Santa Clara County officials will hold a prayer service Saturday to remember and honor those buried at a cemetery discovered during construction at Santa Clara Valley Medical Center, county officials said.
A judge gave county officials permission in May to remove about 100 bodies from the forgotten so-called potter’s field and the service is meant to bring comfort to family members who believe their loved ones were buried at the site, the release stated.
The ceremony will take place on Saturday at 2 p.m., on the second floor of the two-story parking garage, overlooking the burial site. The garage in San Jose is located at the corner of Ginger Lane and Middle Drive.
Former Los Gatos mayor and councilmember Mike Wasserman, who serves on the Santa Clara County Board of Supervisors representing District 1, will be in attendance.
“Our hope is that the remembrance service will provide some comfort for the relatives of the individuals who were buried in the potter’s field approximately 100 years ago,” Wasserman said in a statement.
Others attending the service will include the Rev. Larry Wildemuth, Chaplain SCVMC; Bishop Patrick J. McGrath, Diocese of San Jose; Venerable John Chon, SCVMC Buddhist Spiritual Care Provider; Ouahiba Ahriz, SCVMC Muslim Spiritual Care; and Ram Sharra, Hindu community. Music will include bagpipes and a harp.
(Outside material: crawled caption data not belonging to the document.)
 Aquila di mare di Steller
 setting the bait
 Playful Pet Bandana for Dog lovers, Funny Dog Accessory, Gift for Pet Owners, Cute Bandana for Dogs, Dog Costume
“The remembrance prayer service is an opportunity to gather together, take time to reflect on life, and respectfully prepare the ground spiritually and physically so their remains may be moved with honor and care,” said Rev. Wildemuth, chaplain of spiritual care services at Santa Clara Valley Medical Center in a statement.
The service, being held before work starts on removing the coffins and remains, is in the path of construction, but officials will ensure that the remains are removed in a "dignified and respectful manner, and dealt with in accordance with the law and current County practices for handling the indigent deceased."
An additional 1,345 coffins in the graveyard will be untouched.
Another service will be held after completion of construction at the hospital.
The pine boxes, which where discovered in a February excavation of the hospital site, date to between 1875 and 1935.
A 1932 map indicates the cemetery, but a map from 1958 doesn’t show it and a map from 1966 indicates an employee parking lot in its place.
Based on 1932 map, there may be as many as 1,445 pine boxes on the site where 15 were dug up.
Records of County hospital deaths from 1925 to 1940 are unclear, there are no markers, and the coffins have not been disturbed so is not known who may be buried in the cemetery.
The County wishes to help family members who may be related to those buried in the cemetery claim the remains and arrange for a private burial.
Contact the County by Aug. 1 if you think you may have a relative in the cemetery to claim the remains. Send an email to Remains@ceo.sccgov.org or leave a phone message at 408-299-5192 with your contact information, the name of the deceased’s relative and relationship, approximate age at death, gender, race, date of birth, date of death, and any other information.